**DESCRIPTION OF THE TASK**.
Word for word, copy the lines from the one with "Aparthotel Birand Istanbul" to the last line of the data below, counting both, and keep every picture out.

Segment Start: DATA SHOWN

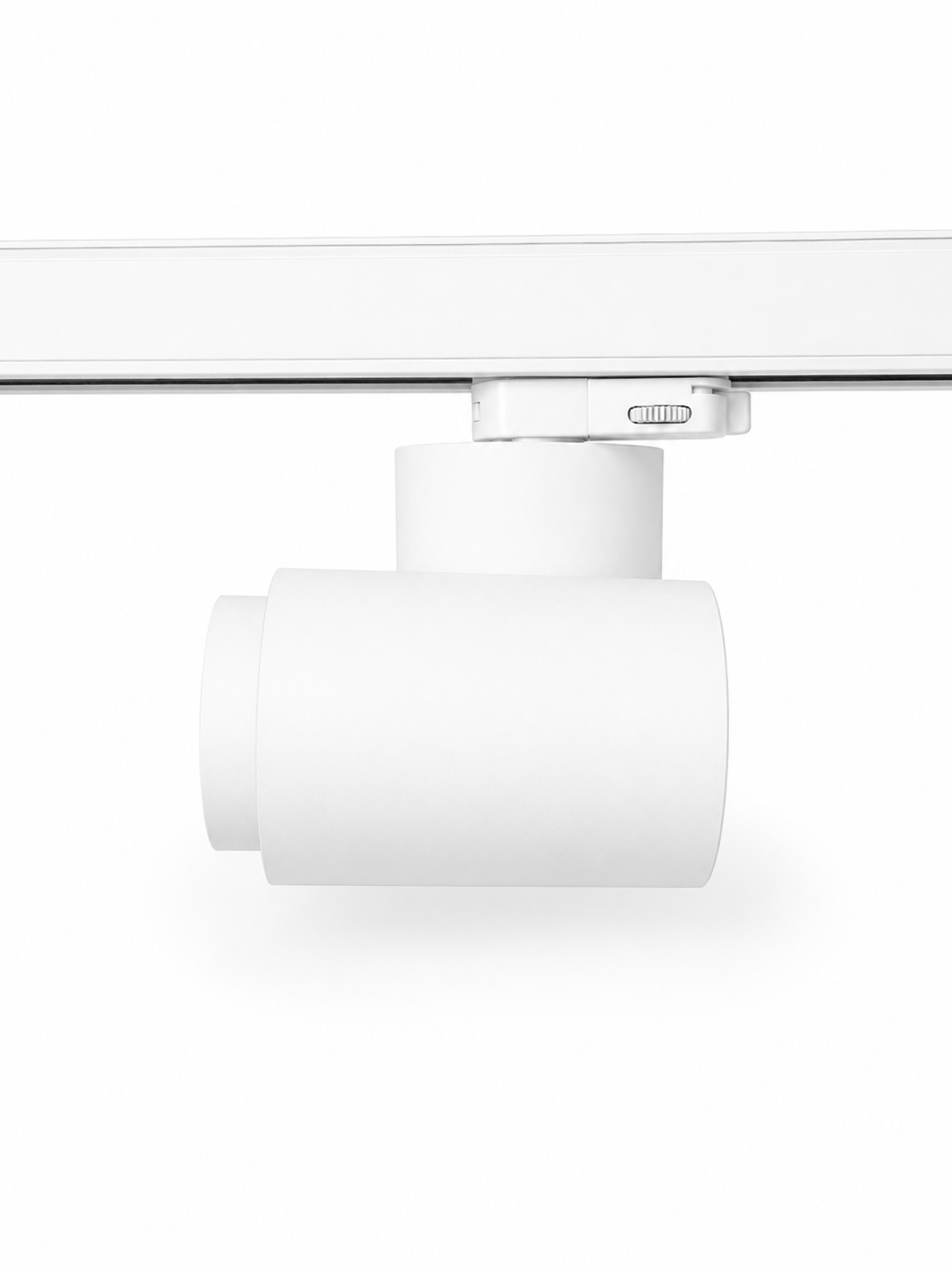 LED Schienenstrahler 30W Weiß – einstellbare Lichtfarbe 3000K–6000K, CRI >90 und 11-stufige Einstellung (TBL88TL03 Weiß)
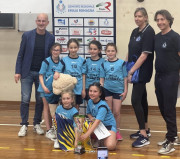Diffusione Sport Imola trionfa al Campionato Regionale Volley S3!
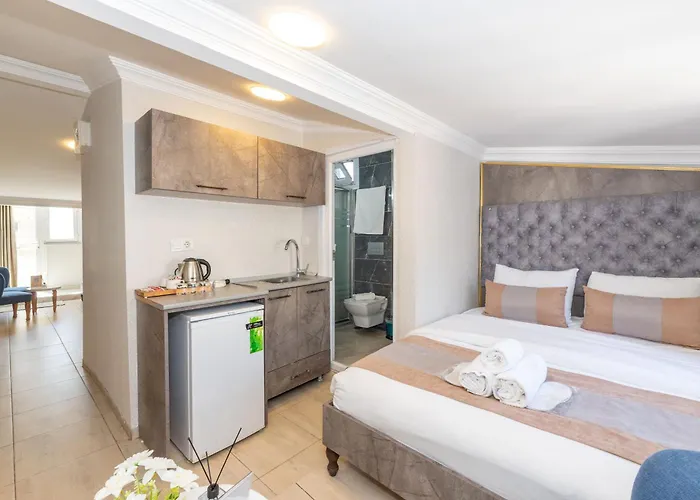 Aparthotel Birand Istanbul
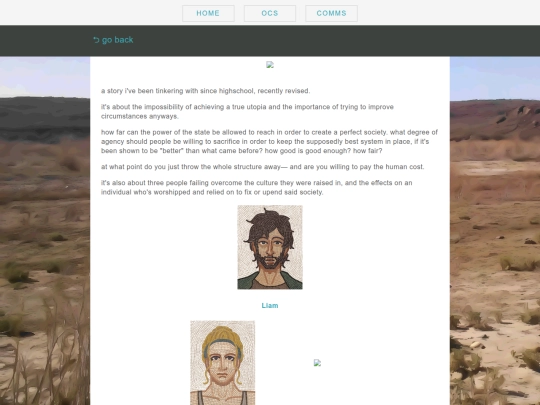 ocs/republic screenshot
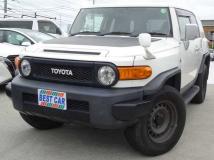 2011 Toyota FJ Cruiser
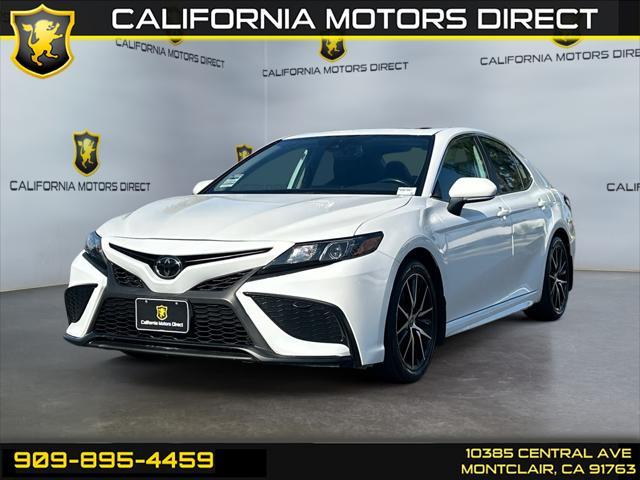 2023 Toyota Camry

Segment End: DATA SHOWN

**EXPECTED OUTPUT**.
 Aparthotel Birand Istanbul
 ocs/republic screenshot
 2011 Toyota FJ Cruiser
 2023 Toyota Camry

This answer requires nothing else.